My phone has been blowing up ever since, with people asking me to reconsider. I haven’t said anything about what happened, so can only assume MIL is spreading false information, but all the negative responses are making me doubt if I’m actually in the right here.
NTA. You should not let this woman anywhere near the boy. This MIL is a danger to Robin. It is your duty to protect him. You should probably contact your local p*lice to discuss the issue. Perhaps engage an attorney if you can afford it.
Please contact a lawyer. Because Alex has passed, this in one of those situations where grandparents’ rights may actually apply. Start putting together an FU binder. See if anyone she carped to at the funeral will testify, if it comes to that. Maybe Robin can start journaling about his grandmother and how her words and actions affect him.
I am so very sorry for your heartbreaking loss. Beautiful for you to take all of the children. Please speak with an attorney. Grandparents can sue for visitation. Make certain your legal end has dotted the is and crossed the ts.
NTA. NOPE! You are not at all responsible for this situation.

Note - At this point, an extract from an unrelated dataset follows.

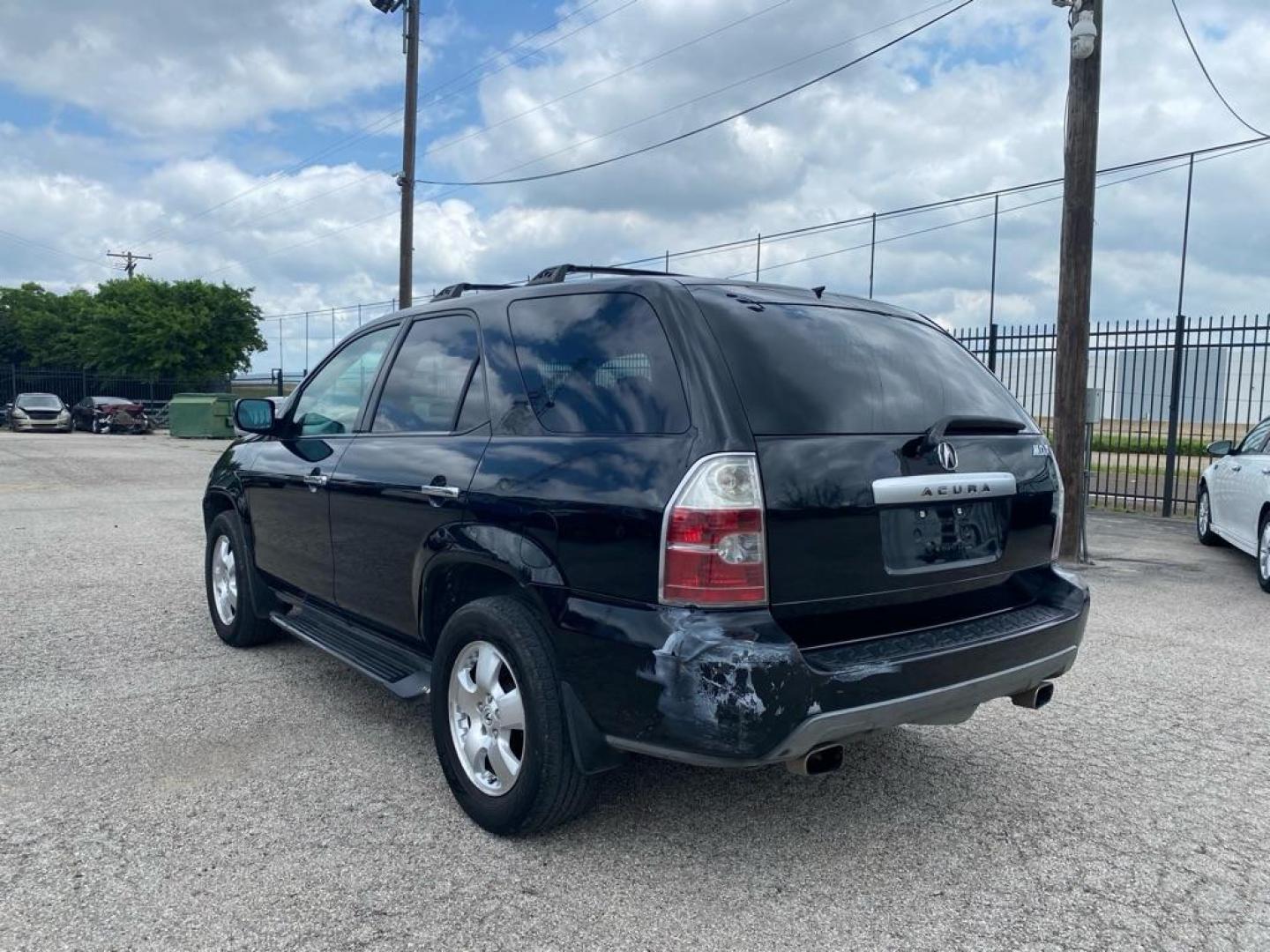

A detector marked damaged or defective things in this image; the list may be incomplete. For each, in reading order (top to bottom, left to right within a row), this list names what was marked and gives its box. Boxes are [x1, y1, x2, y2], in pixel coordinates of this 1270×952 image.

It is always hard with an older relative is negative, and when they go nuclear like your MIL, this is crazy-making. Being deaf does NOT make you an unfit parent, not even a little bit. So Robin is bi-lingual? That is a very, very good thing.
I absolutely agree with the earlier commenters: get a lawyer and a good ASL-fluent counselor. And... maybe you investigate whether CPS could help you in this situation. Check out reddit.com/r/legal
I realize this is a bit of reverse-concern issue, by reporting MIL to CPS, but you can be sure she has or will report you. Communicate these issues with your kids' teachers and school counselors - get all the support you can lined up now. Please follow-you instincts and protect your family. I believe you are doing everything you should be doing in a horrible situation. Poor Robin.
NTA. That you’re even asking speaks to your fair-mindedness. If it’s a loose arrangement, formalize custody of Robin. Consult a good lawyer. They can advise re. MIL’s threat, any legal action.
You’re wise to continue to avoid discussing MIL w/anyone weighing in who’s not directly involved. Best guess, an attorney would advise you not to contact CPS @ this time. That bell can not be un-rung.
OP is NTA, she's doing what she needs to do to protect Robin.